Продолжаем заметки обозревателя ИД «Комсомольская правда», заведующего лабораторией Высшей школы экономики, координатора Ассоциации плавучих университетов России Александра Милкуса об экспедиции «Арктический плавучий университет — Трансарктика 2019».
Варнек. Ржавые бочки, боевые лебеди и пулемет Эйхманса
– А вот здесь в окне чердака стоял пулемет, — 38-летняя Алена в алом пуховике и в матерчатых легких тапочках протягивает руку вверх. – Это дом, в котором в 30-х годах жил тот самый Эйхман (на самом деле Эйхманс, организатор добычи на Вайгаче руд цветных металлов – А.М.).
– Первый комендант Соловецкого лагеря особого назначения?
– Да… А в 37-м его расстреляли (на самом деле в 1938 — А.М.). А мы живем в его доме…

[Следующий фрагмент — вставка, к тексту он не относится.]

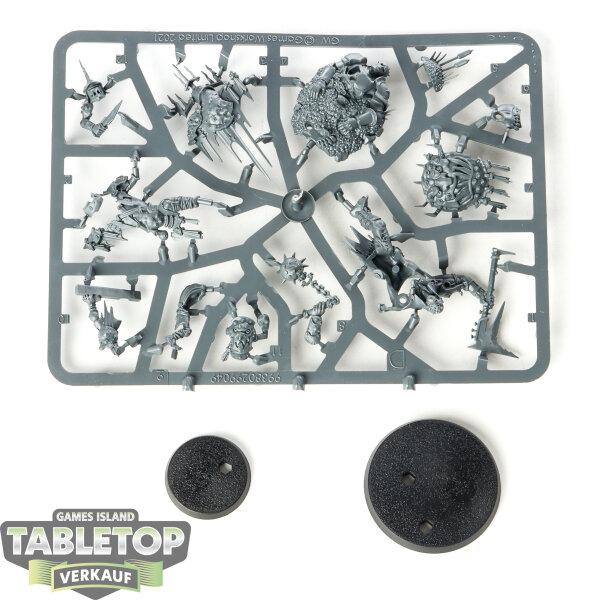Orruk Warclans - Killaboss with Stab-grot - im Gussrahmen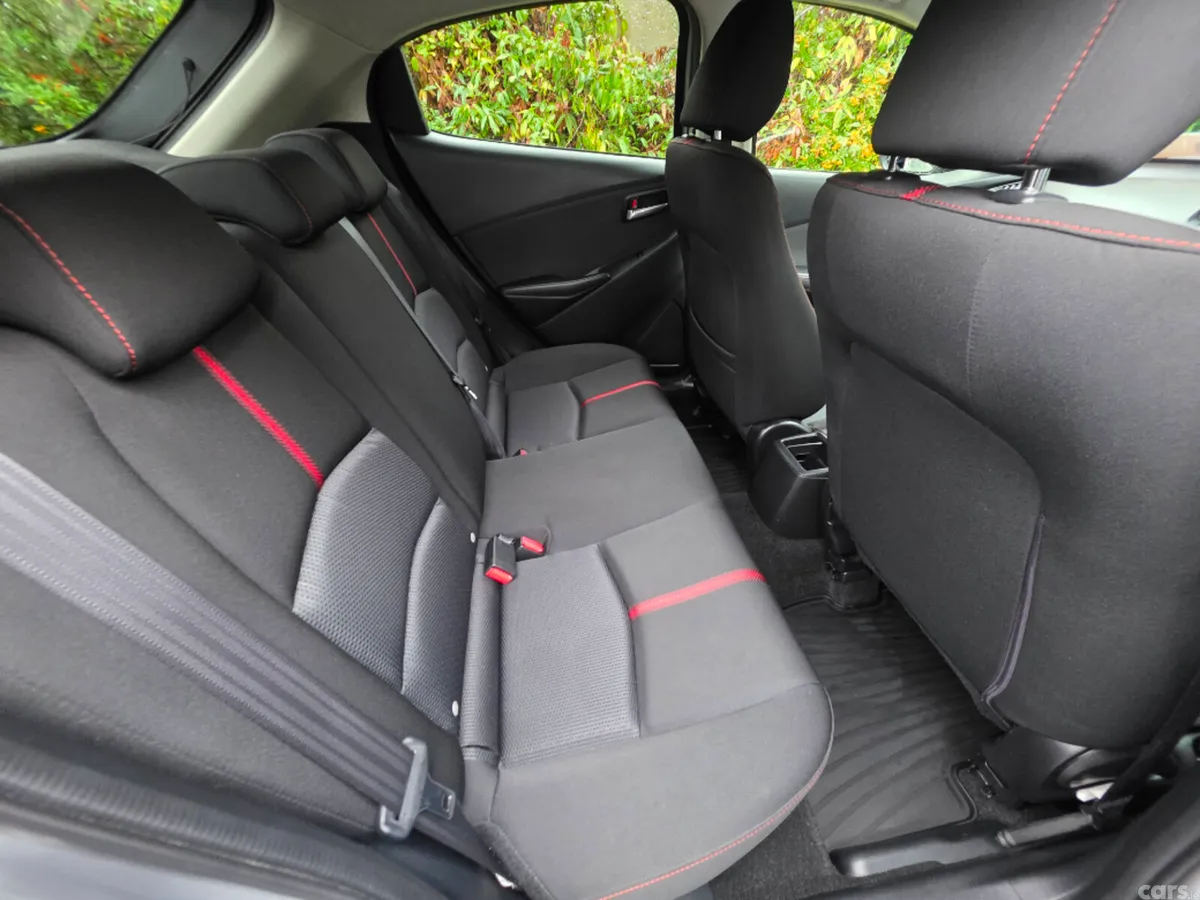 Mazda Demio Hatchback, Diesel, 2015, Silver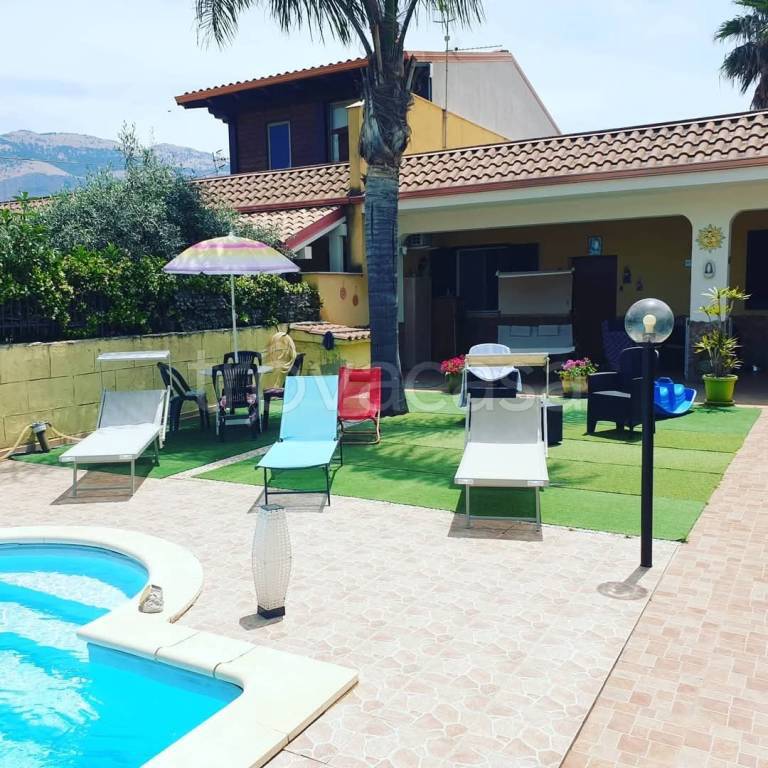 casa indipendente in vendita a Carini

Остров Вайгач разделяет Печорское и Карское моря. На его оконечности напротив материка стоит поселок Варнек (тридцать домов, человек сорок постоянного населения). Дом Эйхманиса – главная, но не единственная историческая достопримечательность. Вторая – погост на другом конце единственной улицы под названием Морская. Здесь похоронен экипаж летчиков, покорявших Арктику в тридцатых, и капитан теплохода, погибшего тут в 1941-ом.
– Детей не фотографируйте! – распоряжается Алена. Она человек городской, прилетела с четырьмя детьми на каникулы к матери и брату из самого Нарьян-Мара. Летом в Варнеке население удваивается, если не утраивается. Возвращаются дети, которые учатся в интернате в материковом поселке Каратайка («в интернат еще попасть надо, там хорошая дисциплина»). Возвращаются старшеклассники из интерната в Нарьян-Маре. Взрослые, переселившиеся на материк, едут повидаться с родней.

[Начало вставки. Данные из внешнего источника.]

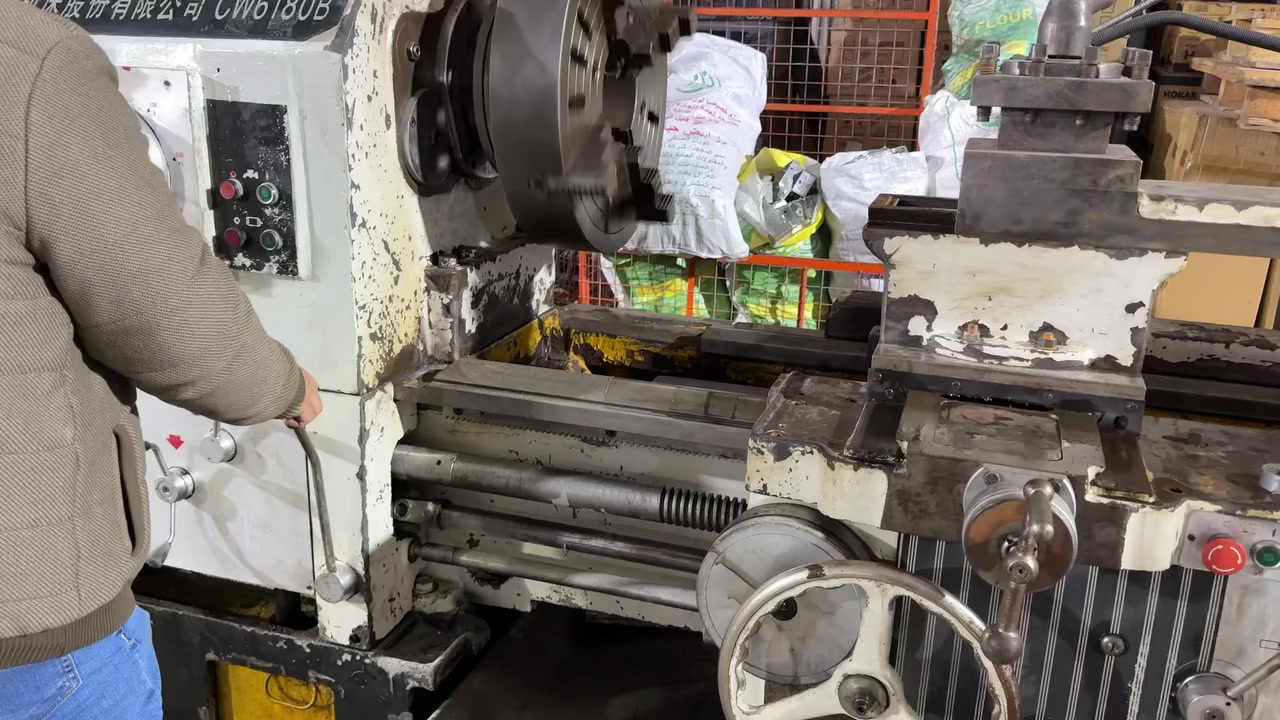 بحمد الله
 وصول  تورنة بسعر جدا مناسب
 نوع صيني مؤسسةمستعمل النضافة ٧٥٪؜ بالنسبة للهيكل كما موضح بالصور و ٩٥٪؜ نظافة الكير بوكس  ،٣ متر ًمن العينة الى السلايد نوع  عالي بدون كصة تفر ٨٠ سم  على الفرش كلج ميكانيكي مع سنتر وبراكيت للمعلوماتية الاتصال على الرقم 
***********
متوفر واتس اب
العنوان الموصل
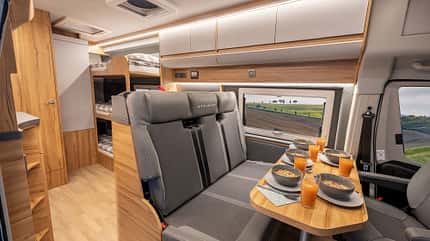Affinity Five Van, Neuheit, Fünf Reisende Affinity Five Van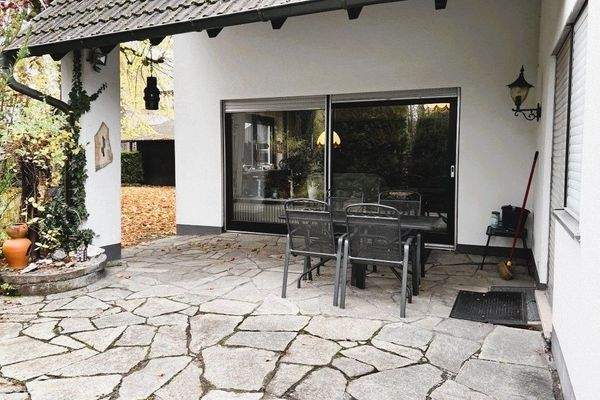 Große überdachte Terrasse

– Тянет сюда, тянет, – говорит Алена. – Посмотрите, как здесь красиво.
Дом Эйхманса стоит на склоне оврага, по которому протекает ручеек, который здесь называют солидно – река. На противоположном склоне выстроился сам поселок. Так что с чердака Алены просматриваются (простреливаются?) остальные дома. За домом небольшое озерцо, а вокруг мягкий ковер неприхотливых арктических трав. Из другого окна открывается вид на бухту, по середине которой сейчас виден голубой борт и белая надстройка нашего «Профессора Молчанова». От него отделяется красная лодка и скоро уже можно разглядеть оранжевые жилеты очередной «десантной» группы.
Лодка идет не в поселок, а уходит за мыс Раздельный к заброшенным шахтам, тем самым, которые копали зеки под присмотром Эйхманса. Одной из студенческих групп нашего Плавучего университета предстоит оценить, насколько разрушены входы под землю и сравнить с исследованиями 2015 года.

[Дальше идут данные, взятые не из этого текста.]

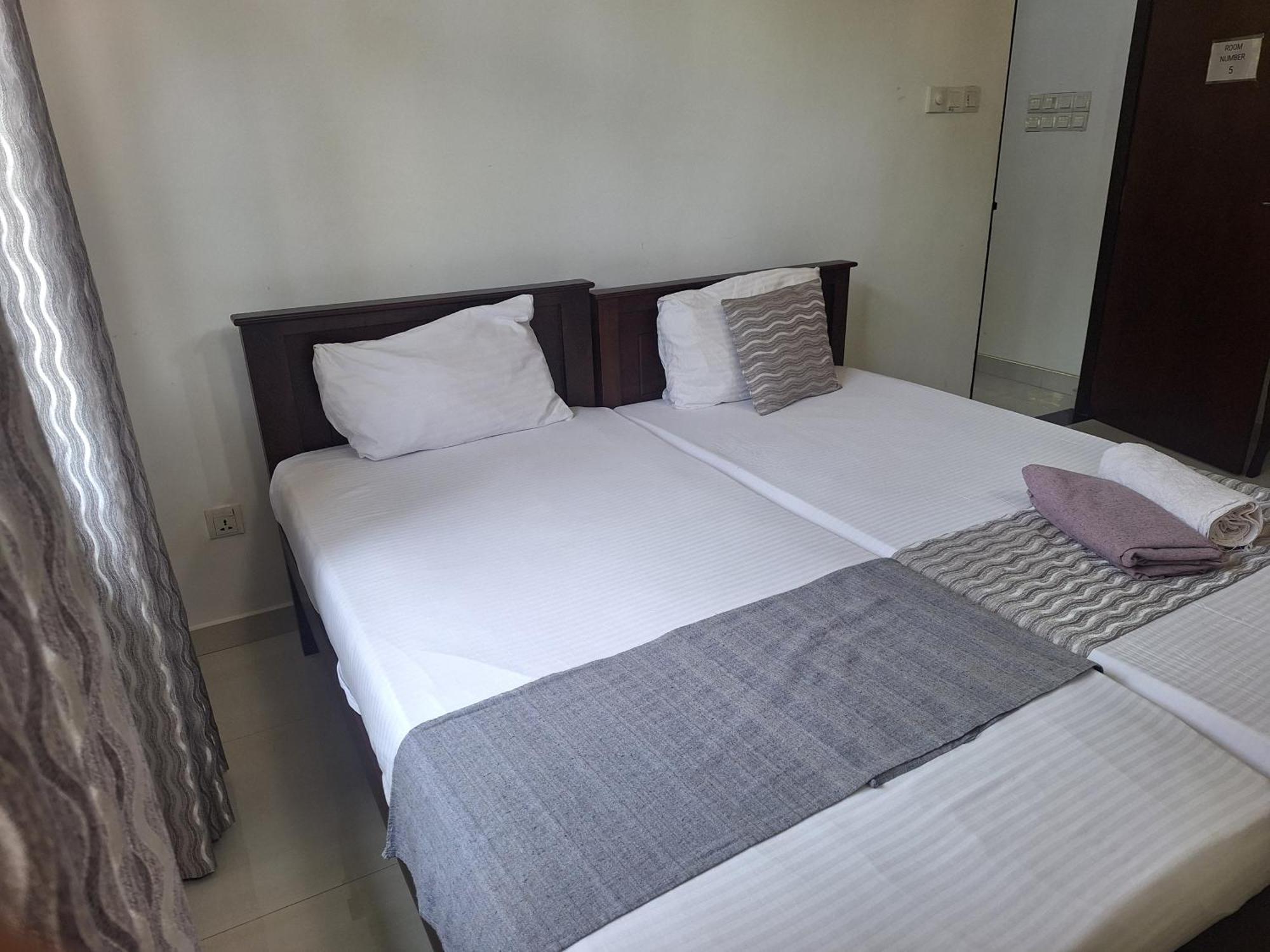 Bivora Villa Negombo Bagian luar foto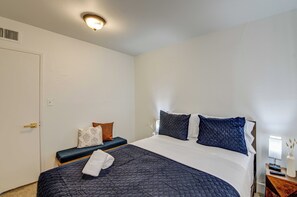 3 bedrooms, desk, iron/ironing board, free WiFi - +[theCrashPad]+ 3 bedrooms + 2 bathrooms + familyfriendly + hottub + pingpong (Mesa)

Другая лодка высаживает группу, которая отправляется на дальнее озеро. Там, говорят, живут лебеди и даже птенцов вывели. Тоже объект для исследования.
– Лебеди? – переспрашиваю я. – Не холодно ли им тут?
– Лебеди, да. Прилетели. А почему бы и нет?
– Собаки местные порвут…
– Лебеди умеют за себя постоять…
А я с группой социологов, которой руководит Мария Тысячнюк из питерского Независимого центра социологических исследований, расспрашиваем местных жителей о том, как меняется здешний климат, да и вообще про их житье-бытье. Но, похоже, объектом расспросов становимся мы сами.
– У вас на судне есть картошка? А морковка? – спрашивает Алена у старпома «Молчанова» Игоря Плахина. – Я куплю десять килограмм.
– Да ладно – покупать! Подарим, – откликается парень. И по рации просит подготовить на судне передачу в поселок.
– 250 рублей пачка печенья в магазине. Купил макарон, что-то сладкое детям, консервы – и нет двух с половиной тысяч, – рассказывает Алена, пока мы ждем лодку с картошкой. – А фрукты вообще не завозят. Испортятся они пока их сюда привезут.
Вертолет в Варнек прилетает раз в неделю по понедельникам. Привозит гостей и продукты. И тогда открывается магазин. Если магазин открыт – закрыта поселковая баня. И наоборот.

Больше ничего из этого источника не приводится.